DATA FOR PROCESSING: Begin

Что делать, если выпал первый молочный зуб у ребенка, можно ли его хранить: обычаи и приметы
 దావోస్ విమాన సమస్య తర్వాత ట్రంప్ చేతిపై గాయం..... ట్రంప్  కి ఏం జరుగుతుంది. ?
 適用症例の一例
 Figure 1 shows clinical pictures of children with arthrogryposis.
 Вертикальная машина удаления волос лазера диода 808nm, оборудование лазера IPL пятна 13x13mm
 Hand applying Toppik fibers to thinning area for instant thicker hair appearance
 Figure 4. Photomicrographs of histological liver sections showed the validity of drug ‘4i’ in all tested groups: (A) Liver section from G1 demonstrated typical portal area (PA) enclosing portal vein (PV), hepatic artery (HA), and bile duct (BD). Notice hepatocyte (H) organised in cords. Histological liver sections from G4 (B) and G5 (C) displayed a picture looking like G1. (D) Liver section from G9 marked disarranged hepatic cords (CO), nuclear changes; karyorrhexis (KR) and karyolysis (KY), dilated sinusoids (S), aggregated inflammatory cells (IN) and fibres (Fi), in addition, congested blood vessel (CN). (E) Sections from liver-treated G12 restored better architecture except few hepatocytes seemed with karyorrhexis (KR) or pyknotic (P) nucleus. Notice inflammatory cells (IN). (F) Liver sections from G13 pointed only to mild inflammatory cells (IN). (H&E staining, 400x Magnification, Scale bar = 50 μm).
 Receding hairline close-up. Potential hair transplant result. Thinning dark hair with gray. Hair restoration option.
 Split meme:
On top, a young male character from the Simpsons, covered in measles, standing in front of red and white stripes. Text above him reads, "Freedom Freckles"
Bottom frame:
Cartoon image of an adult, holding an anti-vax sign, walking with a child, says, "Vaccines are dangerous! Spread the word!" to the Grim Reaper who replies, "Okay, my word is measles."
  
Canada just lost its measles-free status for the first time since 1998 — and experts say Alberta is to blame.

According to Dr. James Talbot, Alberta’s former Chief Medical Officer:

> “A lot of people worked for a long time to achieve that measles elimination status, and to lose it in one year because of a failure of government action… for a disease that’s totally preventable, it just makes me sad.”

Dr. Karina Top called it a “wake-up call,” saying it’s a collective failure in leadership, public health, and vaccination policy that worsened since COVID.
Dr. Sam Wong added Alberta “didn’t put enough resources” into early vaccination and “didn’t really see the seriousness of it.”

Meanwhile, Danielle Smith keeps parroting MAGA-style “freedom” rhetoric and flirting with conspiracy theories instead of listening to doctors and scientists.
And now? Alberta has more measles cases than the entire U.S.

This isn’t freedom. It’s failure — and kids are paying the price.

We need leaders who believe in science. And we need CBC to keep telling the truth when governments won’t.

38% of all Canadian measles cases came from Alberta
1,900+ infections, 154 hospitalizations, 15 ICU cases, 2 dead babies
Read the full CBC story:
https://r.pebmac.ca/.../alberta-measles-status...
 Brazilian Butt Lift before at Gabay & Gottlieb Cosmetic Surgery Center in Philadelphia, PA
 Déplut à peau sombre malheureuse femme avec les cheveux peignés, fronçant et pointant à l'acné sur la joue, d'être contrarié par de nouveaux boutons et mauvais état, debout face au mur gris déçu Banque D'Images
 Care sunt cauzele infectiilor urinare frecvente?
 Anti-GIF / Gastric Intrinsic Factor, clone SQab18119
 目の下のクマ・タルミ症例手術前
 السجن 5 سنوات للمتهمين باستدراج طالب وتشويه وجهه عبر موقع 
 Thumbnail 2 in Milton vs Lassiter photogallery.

DATA FOR PROCESSING: End

__REQUIRED ACTION__.
Repeat the data in full, exactly as supplied.

__RESULT__.
Что делать, если выпал первый молочный зуб у ребенка, можно ли его хранить: обычаи и приметы
 దావోస్ విమాన సమస్య తర్వాత ట్రంప్ చేతిపై గాయం..... ట్రంప్  కి ఏం జరుగుతుంది. ?
 適用症例の一例
 Figure 1 shows clinical pictures of children with arthrogryposis.
 Вертикальная машина удаления волос лазера диода 808nm, оборудование лазера IPL пятна 13x13mm
 Hand applying Toppik fibers to thinning area for instant thicker hair appearance
 Figure 4. Photomicrographs of histological liver sections showed the validity of drug ‘4i’ in all tested groups: (A) Liver section from G1 demonstrated typical portal area (PA) enclosing portal vein (PV), hepatic artery (HA), and bile duct (BD). Notice hepatocyte (H) organised in cords. Histological liver sections from G4 (B) and G5 (C) displayed a picture looking like G1. (D) Liver section from G9 marked disarranged hepatic cords (CO), nuclear changes; karyorrhexis (KR) and karyolysis (KY), dilated sinusoids (S), aggregated inflammatory cells (IN) and fibres (Fi), in addition, congested blood vessel (CN). (E) Sections from liver-treated G12 restored better architecture except few hepatocytes seemed with karyorrhexis (KR) or pyknotic (P) nucleus. Notice inflammatory cells (IN). (F) Liver sections from G13 pointed only to mild inflammatory cells (IN). (H&E staining, 400x Magnification, Scale bar = 50 μm).
 Receding hairline close-up. Potential hair transplant result. Thinning dark hair with gray. Hair restoration option.
 Split meme:
On top, a young male character from the Simpsons, covered in measles, standing in front of red and white stripes. Text above him reads, "Freedom Freckles"
Bottom frame:
Cartoon image of an adult, holding an anti-vax sign, walking with a child, says, "Vaccines are dangerous! Spread the word!" to the Grim Reaper who replies, "Okay, my word is measles."
  
Canada just lost its measles-free status for the first time since 1998 — and experts say Alberta is to blame.

According to Dr. James Talbot, Alberta’s former Chief Medical Officer:

> “A lot of people worked for a long time to achieve that measles elimination status, and to lose it in one year because of a failure of government action… for a disease that’s totally preventable, it just makes me sad.”

Dr. Karina Top called it a “wake-up call,” saying it’s a collective failure in leadership, public health, and vaccination policy that worsened since COVID.
Dr. Sam Wong added Alberta “didn’t put enough resources” into early vaccination and “didn’t really see the seriousness of it.”

Meanwhile, Danielle Smith keeps parroting MAGA-style “freedom” rhetoric and flirting with conspiracy theories instead of listening to doctors and scientists.
And now? Alberta has more measles cases than the entire U.S.

This isn’t freedom. It’s failure — and kids are paying the price.

We need leaders who believe in science. And we need CBC to keep telling the truth when governments won’t.

38% of all Canadian measles cases came from Alberta
1,900+ infections, 154 hospitalizations, 15 ICU cases, 2 dead babies
Read the full CBC story:
https://r.pebmac.ca/.../alberta-measles-status...
 Brazilian Butt Lift before at Gabay & Gottlieb Cosmetic Surgery Center in Philadelphia, PA
 Déplut à peau sombre malheureuse femme avec les cheveux peignés, fronçant et pointant à l'acné sur la joue, d'être contrarié par de nouveaux boutons et mauvais état, debout face au mur gris déçu Banque D'Images
 Care sunt cauzele infectiilor urinare frecvente?
 Anti-GIF / Gastric Intrinsic Factor, clone SQab18119
 目の下のクマ・タルミ症例手術前
 السجن 5 سنوات للمتهمين باستدراج طالب وتشويه وجهه عبر موقع 
 Thumbnail 2 in Milton vs Lassiter photogallery.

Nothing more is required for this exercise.